El Poder Ejecutivo decidió avanzar hacia un eventual tratado de libre comercio bilateral con China. Habrá que considerar, con amplitud y seriedad, las posibles consecuencias de tal acuerdo para Uruguay, y luego puede abrirse un período de negociación, en el que se vería qué pide y qué ofrece la contraparte. Pero es preciso tener en cuenta otras cuestiones: este proyecto se contrapone con el de integración regional, debido a las normas y a la sustancia del Mercosur.

Hay por lo menos tres maneras de pensar nuestro lugar en el mundo. La primera es tomarlo simplemente como un dato de la realidad que nos determina, al igual que lo hacen el clima y los recursos hídricos, la costa y la presencia o ausencia de yacimientos petrolíferos. Aquí estamos; nos puede gustar mucho, poquito o nada, pero no hay forma de mudarnos.

La segunda valora conveniencias comerciales, directas o indirectas, de la integración regional. Por ejemplo, los costos de traslado, las semejanzas de demanda y razones de escala para relacionarnos y negociar con el resto del mundo. Todo eso, que se aplica para países mucho más ricos, poblados y poderosos, es indudable para Uruguay.

Ha ganado mucho terreno la opinión de que los dos enfoques antedichos son los únicos válidos. La política exterior debe estar “libre de condicionamientos ideológicos. Su ejecución debe estar supeditada a la defensa del interés nacional”, decía el programa de gobierno de Luis Lacalle Pou, como si definir la nación y el interés nacional fueran operaciones ajenas a la ideología.

“Compromiso por el país”, el acuerdo que fundamentó la “coalición multicolor”, les achacó a los gobiernos frenteamplistas “años de una política exterior movida por las ‘afinidades ideológicas’”, y prometió reemplazarla por un plan estratégico en “estrecha relación con las necesidades y oportunidades del país productivo”.

Tras el fin de la Guerra Fría, y disipada la ilusión posterior de un “mundo unipolar” dominado por Estados Unidos, se habla cada vez menos de nuestra pertenencia a una “civilización occidental y cristiana”, pero al mismo tiempo han perdido relevancia las referencias a la “Patria Grande” latinoamericana. Las miradas convergen hacia una concepción utilitaria y economicista de la inserción internacional, que desprecia lo ideológico como si fuera, en ese terreno, una antigualla ingenua.

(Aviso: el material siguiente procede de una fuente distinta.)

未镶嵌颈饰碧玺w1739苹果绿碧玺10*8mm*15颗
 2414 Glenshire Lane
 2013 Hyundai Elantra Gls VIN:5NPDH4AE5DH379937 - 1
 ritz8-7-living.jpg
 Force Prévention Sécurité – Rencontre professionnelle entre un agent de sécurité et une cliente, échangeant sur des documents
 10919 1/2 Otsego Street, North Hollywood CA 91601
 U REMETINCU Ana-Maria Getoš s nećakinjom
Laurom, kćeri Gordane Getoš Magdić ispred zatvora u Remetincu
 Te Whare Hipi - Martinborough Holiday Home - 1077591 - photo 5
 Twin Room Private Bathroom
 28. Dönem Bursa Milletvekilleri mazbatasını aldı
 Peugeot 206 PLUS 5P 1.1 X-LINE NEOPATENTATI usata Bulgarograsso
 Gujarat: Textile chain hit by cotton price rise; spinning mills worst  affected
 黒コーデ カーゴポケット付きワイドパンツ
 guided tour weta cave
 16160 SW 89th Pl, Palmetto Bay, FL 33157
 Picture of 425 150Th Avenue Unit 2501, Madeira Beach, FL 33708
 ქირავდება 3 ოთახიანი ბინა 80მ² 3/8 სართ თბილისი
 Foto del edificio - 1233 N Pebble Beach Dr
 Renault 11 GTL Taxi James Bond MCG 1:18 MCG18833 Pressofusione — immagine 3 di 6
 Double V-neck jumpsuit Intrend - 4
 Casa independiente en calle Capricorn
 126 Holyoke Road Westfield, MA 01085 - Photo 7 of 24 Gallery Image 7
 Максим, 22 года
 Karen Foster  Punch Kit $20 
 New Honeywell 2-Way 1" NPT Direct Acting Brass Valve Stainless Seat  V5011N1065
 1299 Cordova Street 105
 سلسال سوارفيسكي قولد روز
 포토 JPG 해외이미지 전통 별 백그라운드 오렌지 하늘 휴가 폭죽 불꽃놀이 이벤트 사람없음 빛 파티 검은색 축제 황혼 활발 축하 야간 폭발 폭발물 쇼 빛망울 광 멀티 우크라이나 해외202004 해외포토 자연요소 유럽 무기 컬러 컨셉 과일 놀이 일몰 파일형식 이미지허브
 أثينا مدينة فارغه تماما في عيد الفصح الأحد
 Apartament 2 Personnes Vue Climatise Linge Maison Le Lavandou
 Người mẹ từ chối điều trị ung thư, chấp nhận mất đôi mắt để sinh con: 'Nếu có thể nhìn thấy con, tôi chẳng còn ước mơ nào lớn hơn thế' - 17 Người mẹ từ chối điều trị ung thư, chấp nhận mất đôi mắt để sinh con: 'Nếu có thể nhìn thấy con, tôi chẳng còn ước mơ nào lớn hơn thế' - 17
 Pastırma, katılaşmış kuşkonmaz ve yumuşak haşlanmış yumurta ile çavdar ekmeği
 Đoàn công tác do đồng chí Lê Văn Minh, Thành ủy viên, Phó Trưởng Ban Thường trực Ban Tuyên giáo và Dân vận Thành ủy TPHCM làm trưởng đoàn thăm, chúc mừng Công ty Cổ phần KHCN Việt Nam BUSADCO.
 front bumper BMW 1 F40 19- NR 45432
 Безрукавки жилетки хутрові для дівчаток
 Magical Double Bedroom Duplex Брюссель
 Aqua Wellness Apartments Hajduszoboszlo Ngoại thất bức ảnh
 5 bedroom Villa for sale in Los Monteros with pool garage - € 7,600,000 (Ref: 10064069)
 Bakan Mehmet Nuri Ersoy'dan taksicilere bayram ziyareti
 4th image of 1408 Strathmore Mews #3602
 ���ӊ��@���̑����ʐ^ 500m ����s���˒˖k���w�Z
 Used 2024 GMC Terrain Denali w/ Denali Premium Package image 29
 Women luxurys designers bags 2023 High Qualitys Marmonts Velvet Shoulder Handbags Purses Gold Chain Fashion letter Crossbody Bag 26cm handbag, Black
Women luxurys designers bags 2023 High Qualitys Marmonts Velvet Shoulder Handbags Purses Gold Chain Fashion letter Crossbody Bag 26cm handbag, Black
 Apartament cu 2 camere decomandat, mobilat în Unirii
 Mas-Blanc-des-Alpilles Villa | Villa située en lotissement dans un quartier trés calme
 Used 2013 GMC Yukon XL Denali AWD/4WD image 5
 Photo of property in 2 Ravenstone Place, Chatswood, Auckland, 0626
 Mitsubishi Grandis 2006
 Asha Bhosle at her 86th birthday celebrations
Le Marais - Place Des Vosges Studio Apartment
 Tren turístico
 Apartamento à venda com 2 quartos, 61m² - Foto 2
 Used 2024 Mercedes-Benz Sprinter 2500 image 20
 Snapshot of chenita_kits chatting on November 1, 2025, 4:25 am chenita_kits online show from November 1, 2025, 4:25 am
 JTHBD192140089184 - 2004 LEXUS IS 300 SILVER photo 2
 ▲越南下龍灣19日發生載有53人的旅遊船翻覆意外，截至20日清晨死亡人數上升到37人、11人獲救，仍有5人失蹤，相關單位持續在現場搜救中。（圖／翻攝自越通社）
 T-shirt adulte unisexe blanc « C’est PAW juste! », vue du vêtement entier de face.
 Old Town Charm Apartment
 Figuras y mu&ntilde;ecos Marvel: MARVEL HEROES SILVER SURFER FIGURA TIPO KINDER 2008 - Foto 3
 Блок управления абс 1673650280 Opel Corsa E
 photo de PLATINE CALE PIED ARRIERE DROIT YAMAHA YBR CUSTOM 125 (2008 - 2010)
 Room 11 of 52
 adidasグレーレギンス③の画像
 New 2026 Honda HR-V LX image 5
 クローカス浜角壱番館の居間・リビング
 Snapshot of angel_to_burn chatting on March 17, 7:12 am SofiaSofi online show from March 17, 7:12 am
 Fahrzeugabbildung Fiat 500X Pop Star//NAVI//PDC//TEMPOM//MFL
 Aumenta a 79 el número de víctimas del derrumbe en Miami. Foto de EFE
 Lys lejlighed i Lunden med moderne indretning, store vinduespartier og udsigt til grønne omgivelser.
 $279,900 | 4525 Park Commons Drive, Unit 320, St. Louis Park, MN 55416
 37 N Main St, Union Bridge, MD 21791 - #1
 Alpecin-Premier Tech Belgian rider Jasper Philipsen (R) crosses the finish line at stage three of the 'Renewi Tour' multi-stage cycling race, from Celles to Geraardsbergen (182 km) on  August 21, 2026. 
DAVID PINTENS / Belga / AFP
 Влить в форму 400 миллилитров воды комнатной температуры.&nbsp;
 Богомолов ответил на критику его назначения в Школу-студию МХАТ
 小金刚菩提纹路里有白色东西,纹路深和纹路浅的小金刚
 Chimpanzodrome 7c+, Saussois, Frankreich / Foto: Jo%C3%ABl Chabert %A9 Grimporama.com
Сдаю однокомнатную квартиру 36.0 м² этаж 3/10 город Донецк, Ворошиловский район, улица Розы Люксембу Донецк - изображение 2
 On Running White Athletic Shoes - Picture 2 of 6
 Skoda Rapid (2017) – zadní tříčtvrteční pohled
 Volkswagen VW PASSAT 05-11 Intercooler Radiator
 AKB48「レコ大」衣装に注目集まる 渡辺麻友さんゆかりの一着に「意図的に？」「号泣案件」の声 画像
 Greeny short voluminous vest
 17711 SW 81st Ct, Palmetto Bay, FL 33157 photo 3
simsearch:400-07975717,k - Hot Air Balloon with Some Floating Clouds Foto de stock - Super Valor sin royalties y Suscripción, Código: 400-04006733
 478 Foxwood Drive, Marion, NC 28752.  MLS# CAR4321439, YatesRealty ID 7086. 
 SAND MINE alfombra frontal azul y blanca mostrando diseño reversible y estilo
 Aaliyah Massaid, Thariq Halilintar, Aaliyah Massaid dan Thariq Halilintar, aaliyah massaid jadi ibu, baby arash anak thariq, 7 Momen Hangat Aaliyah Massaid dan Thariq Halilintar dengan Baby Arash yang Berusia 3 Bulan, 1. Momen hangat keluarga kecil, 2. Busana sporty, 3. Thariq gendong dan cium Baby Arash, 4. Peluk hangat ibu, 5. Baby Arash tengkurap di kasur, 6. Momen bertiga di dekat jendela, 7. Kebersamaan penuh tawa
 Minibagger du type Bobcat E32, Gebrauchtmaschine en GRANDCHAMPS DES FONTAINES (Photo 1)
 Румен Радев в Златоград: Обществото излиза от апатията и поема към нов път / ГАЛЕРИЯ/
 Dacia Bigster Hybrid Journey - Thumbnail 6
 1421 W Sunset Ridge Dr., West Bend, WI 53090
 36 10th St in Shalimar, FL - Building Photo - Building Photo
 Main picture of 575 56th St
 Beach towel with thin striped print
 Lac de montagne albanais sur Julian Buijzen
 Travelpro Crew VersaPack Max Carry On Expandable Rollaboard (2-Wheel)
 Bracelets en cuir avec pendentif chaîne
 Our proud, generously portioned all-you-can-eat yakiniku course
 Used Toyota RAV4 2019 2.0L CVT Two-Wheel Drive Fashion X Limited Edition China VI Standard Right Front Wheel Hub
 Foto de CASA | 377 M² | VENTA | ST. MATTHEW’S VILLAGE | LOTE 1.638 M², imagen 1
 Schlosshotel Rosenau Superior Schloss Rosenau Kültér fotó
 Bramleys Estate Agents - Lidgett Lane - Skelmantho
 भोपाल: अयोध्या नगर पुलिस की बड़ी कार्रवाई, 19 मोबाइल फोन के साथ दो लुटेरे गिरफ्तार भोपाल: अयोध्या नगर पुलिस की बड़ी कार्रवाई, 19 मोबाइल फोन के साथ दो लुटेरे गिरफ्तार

La tercera dimensión a considerar es, sin embargo, profundamente ideológica. Tanto como lo fue el proyecto artiguista, que asumió los datos de la realidad y las conveniencias económicas, pero también una identidad más amplia que la provinciana, y a partir de ella se propuso construir. Bien supo que tenía enemigos en la región, pero mejor supo que siempre serían más sus hermanos.

Ese proyecto ha sido derrotado varias veces, en vida de José Artigas y tras su muerte, pero permanece y convoca, como escribió Carlos Quijano, a “las grandes unidades regionales y a la gran unidad continental”. Así será mientras haya, dentro y fuera de las fronteras uruguayas, conciencias y voluntades que lo sostengan.